Regressive taxation. That’s when the taxes the government levies disproportionately hit those with less money than those with more money. They sound like something only an out-of-touch, snooty, oligarchical, oppressive, “let-them-eat-cake” sort of government would do, no?
Heh. If only.
Taxes on gasoline are a prime example: everyone who pulls up to the pump pays the same amount of tax on each gallon of gasoline. Assuming, for sake of argument, that all people purchase the same average amount of gasoline, the taxes the government levies on each gallon of gasoline draw a higher percentage of the income away from those who have less money to begin with than those with more.
Let’s break it down with some very simple arithmetic. (Don’t worry, I did the math already.) Think: if everyone pays $20 in taxes on gasoline per month, that $20 is 1% of the income for someone who takes home $2,000 per month and $24,000 per year, but $20 is only 0.3% of the income for someone who takes home $6,000 per month and a modest $72,000 per year, and a teeny-tiny 0.167% of the income for someone who takes home $12,000 per month, or $144,000 per year. So the same gasoline tax is 6-times more “costly” to a person making $24,000 as it is to a person making $144,000… You wanna know where the people whom our politicians, by their rhetoric, call “the rich”—i.e., those making $250,000 or more?
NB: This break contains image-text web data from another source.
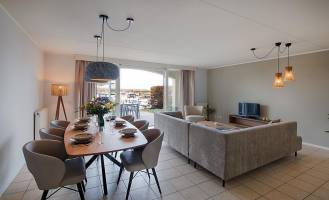 Havenwoning | 2-6 Pers.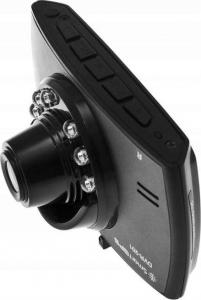 Wideorejestrator SmartGPS DVR-201 10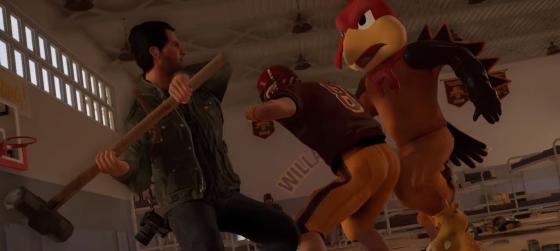 Dead Rising 4 получит обновление на основе отзывов сообщества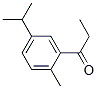 84145-57-3,5'-isopropyl-2'-methylpropiophenone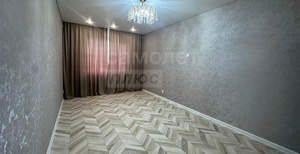 1-к квартира, вторичка, 41м2, 19/20 этаж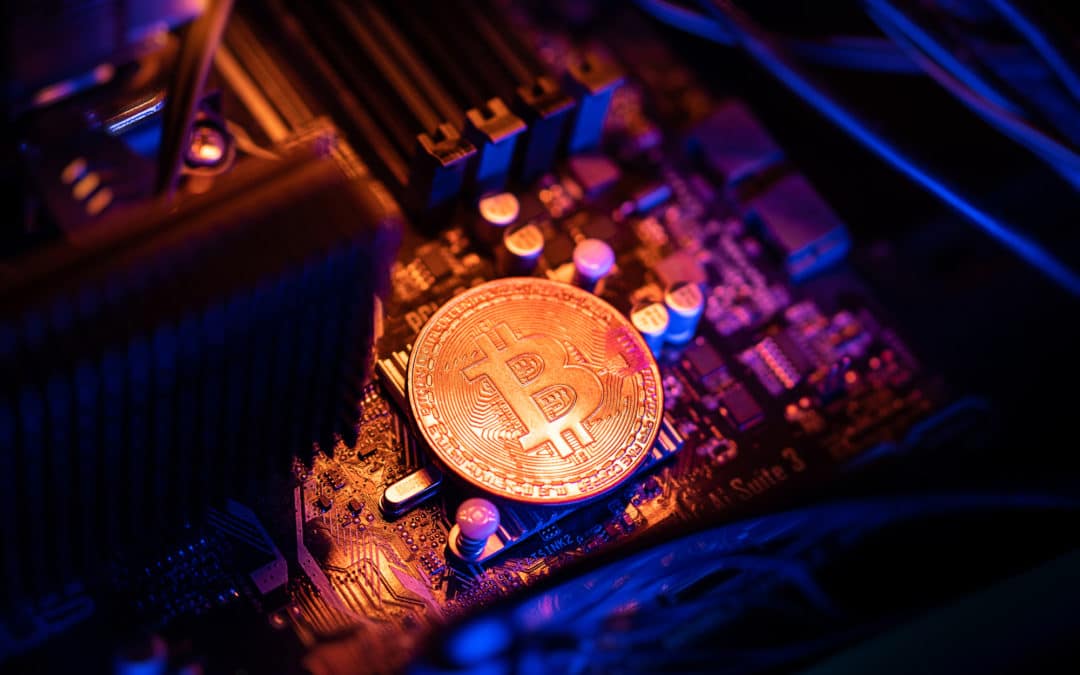 Bitcoin Node und deren Wichtigkeit für das Netzwerk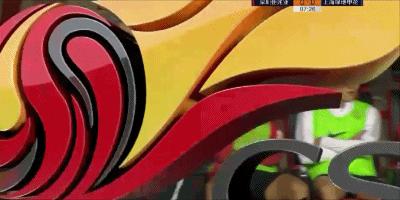 前方高能:那些年,我们一起见过的中国球员的爆笑失误瞬间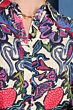 BLOUSE - Milly Full Glow Ecru SP7406-100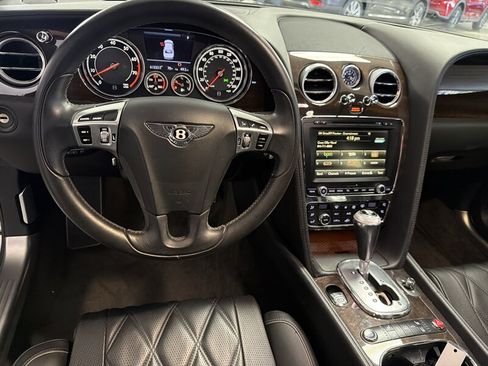 Used 2014 Bentley Flying Spur W12 AWD/4WD image 31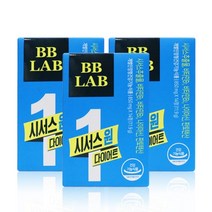 [뉴트리원]전지현 시서스 원 다이어트 850mg 3박스/6주분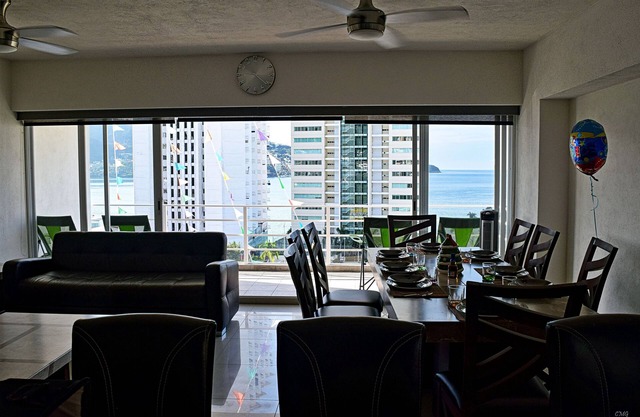 Rest With Style And Comfort, Next To Everything, Your House At Acapulco!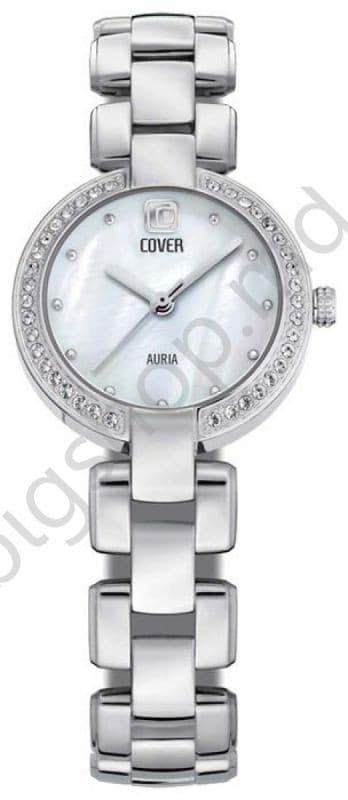 Ceas de mână Cover CO159.ST2M/SW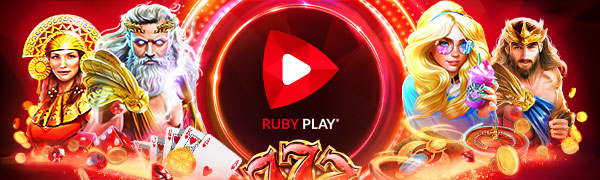 Slots Rubyplay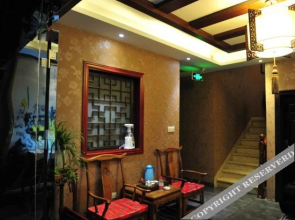 Xichang of Sichuan Purple Neem Inn(西昌紫楝花客栈（邛海湿地店）)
That $20 per month is an easy-to-miss 0.096% of that guy’s income, or more than 10-times *less* costly as a percentage of income than they guy scraping by on $24,000 per year.
Now, mind you, the “taxes” that Joe or Jane consumer incurs at the pump are not just the straight-up taxes levied. They include other things government has done to make gasoline more expensive.
And you know what else the ethanol requirements have an impact upon? Food. So many foodstuffs are influenced by corn. Cows and pigs and chickens eat the stuff, making beef, pork (and sausage, and bacon, and ham, from the magical little animal), and chicken, as well as eggs, milk, cheese, butter, etc., more expensive.
Corn syrup is, oddly enough, made from corn, making anything with corn syrup more expensive. Here’s a challenge: go to the grocery store and try to satisfy your entire meal plan without putting anything in your cart that does not have corn syrup. If you manage to, good for you: it means you’re eating healthily. People ought not be eating much of the stuff anyhow, but it ought to be a choice rather than an economic necessity.
Then there is, of course, just straight-up corn itself: a staple of a healthy meal for families across the country.
But corn costs more now since 41% of the corn crop goes to ethanol and not to food or animal feed.
Then toss in the reduced gas mileage vehicles get from ethanol-infused gasoline, which means that businesses and consumers have to spend more on transportation for the same food…
Corn and gasoline are only two examples. Milk and wheat get pretty sweet deals as well.
So now look at both sides of that: the monetary burden from government involvement in gasoline is carried disproportionately by the poor, as is the monetary burden from government meddling in corn, ethanol, milk, and wheat for the same reasons.
Farm subsidies, over-bearing drilling and refining regulations, ethanol requirements, and the ever-increasing repression of industry by the EPA for ever diminishing returns, must end, or the poor will become wards of the state (moreso than they are now) and the middle class will cease to be the engine of ingenuity and advancement in this country, if it survives as a recognizable middle class at all.